On the original post...  I just spent too long reading more depression-inducing code and I still can't give you the absolutely correct answer.  Too many interacting little pieces, exceptions, diversions.  But I think I can get you close to reliable.

  • UseCircuitCode must be sent to the neighbor before anything can work.  This should permit a RegionHandshake from the neighbor.  You may receive multiple RH packets with different details.  For reasons.
  • At least one RegionHandshakeReply must go to the neighbor.  Can multiple replies be sent safely?  Unknown.  This enables interest list activity and other things.
  • Back on the main region, interest list activity must then occur.  IL actions include child camera updates to the neighbors.  These, along with the previous two gates, drive the Seed cap generation process that is part of HTTP setup.
  • The Seed cap generation is an async process involving things outside of the simulator.  Rather than being driven locally in the neighbor, it is driven partially by camera updates from the main region.  No comment.
  • When enough of this is done, the neighbor can (mostly) complete it's part of the region crossing in two parallel actions:
    • Respond to the main region's crossing request (HTTP). This includes the Seed capability URL which will eventually be sent as a CrossedRegion message via HTTP to the viewer via main's EventQueue, and
    • Enqueue an EstablishAgentCommunication message to be sent to the event forwarder on the main region to be forwarded up to the viewer via main's EventQueue.

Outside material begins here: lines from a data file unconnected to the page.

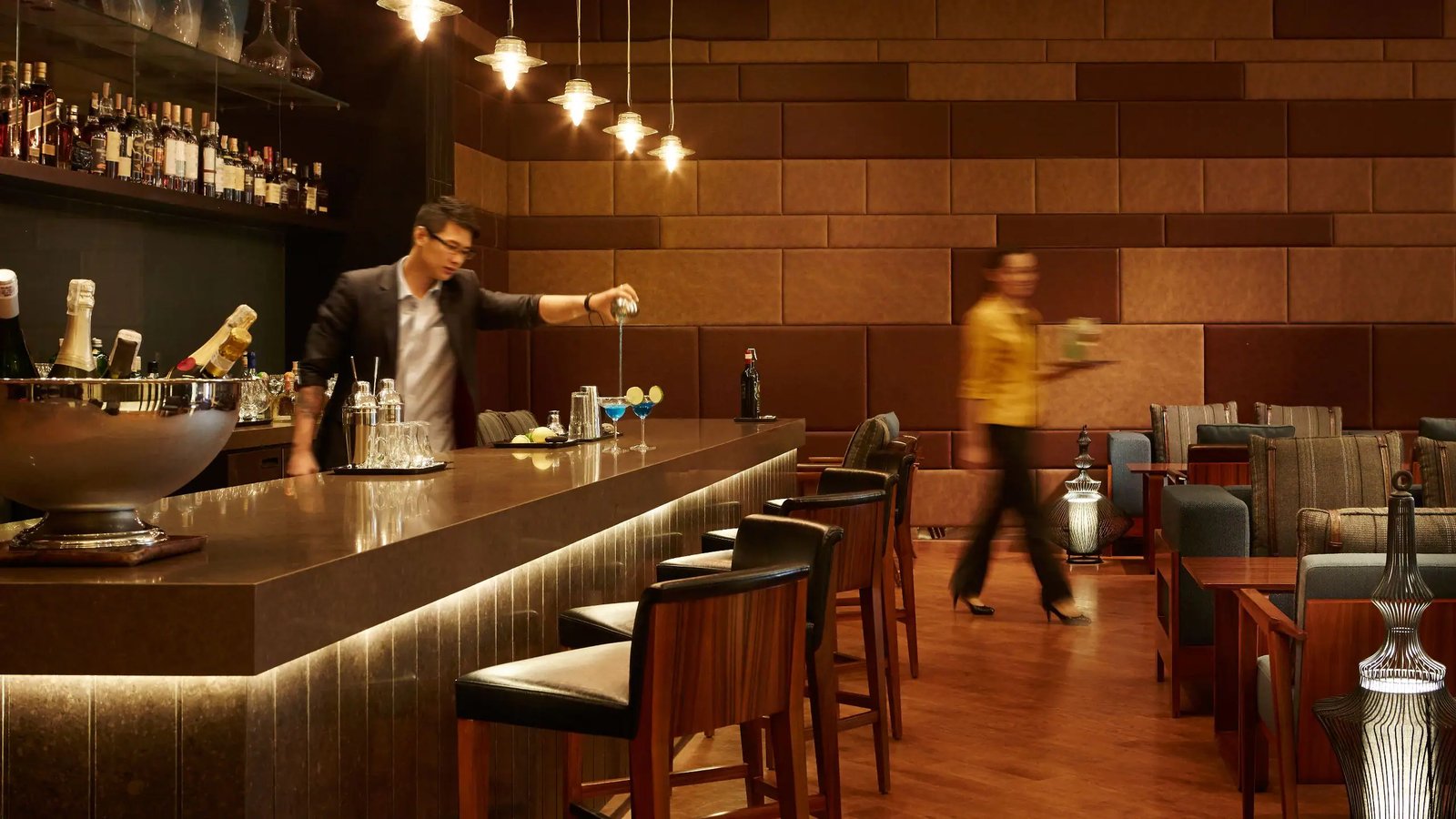 Hyatt Regency Manila City of Dreams — eat & drink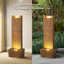 Fontaine d'extérieur à nervures avec lumière chaude-114318016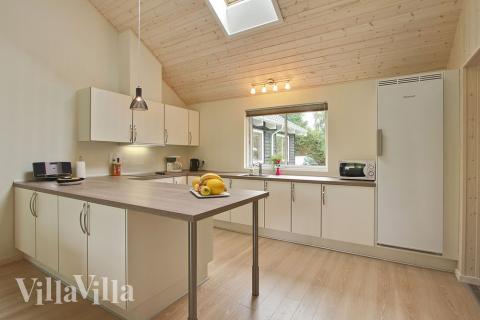 Køkkenet er rummeligt og velindrettet med alt, hvad man behøver til feriens madlavning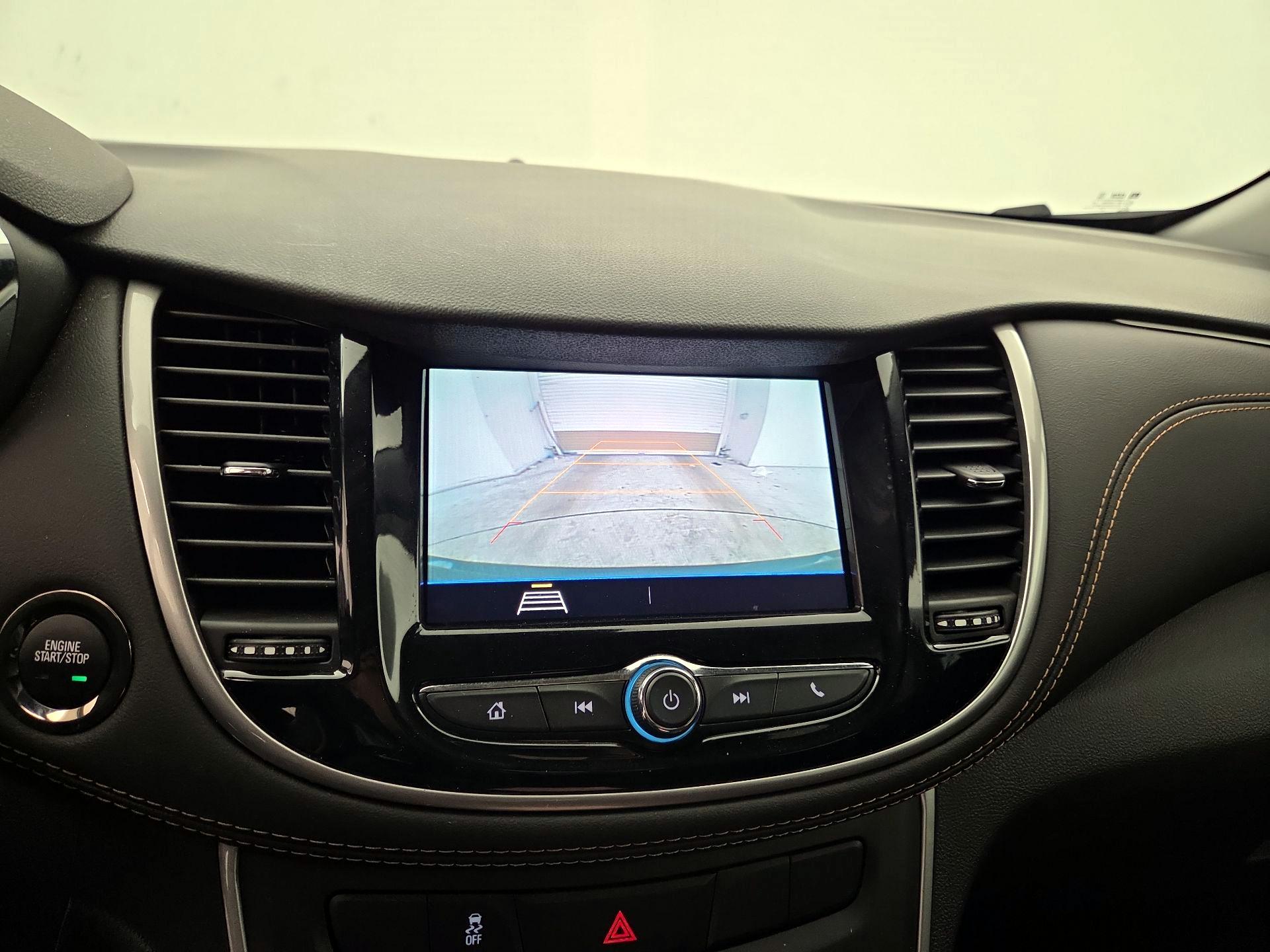 Thumbnail: 2022 Chevrolet Trax - 14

Note that there seems to be a race between the CrossedRegion and EstablishAgentCommunication messages.  I could see these arriving in either order.  But if you see one message, the other should be available as well.

I don't know if this is enough for you to make progress.  If not, send me some details of a failed test session (regions involved, time, agent name, etc.) to the obvious address (monty @) and I'll dig in.  Ideally from an Aditi or Thursday/Friday/Saturday session avoiding bounces.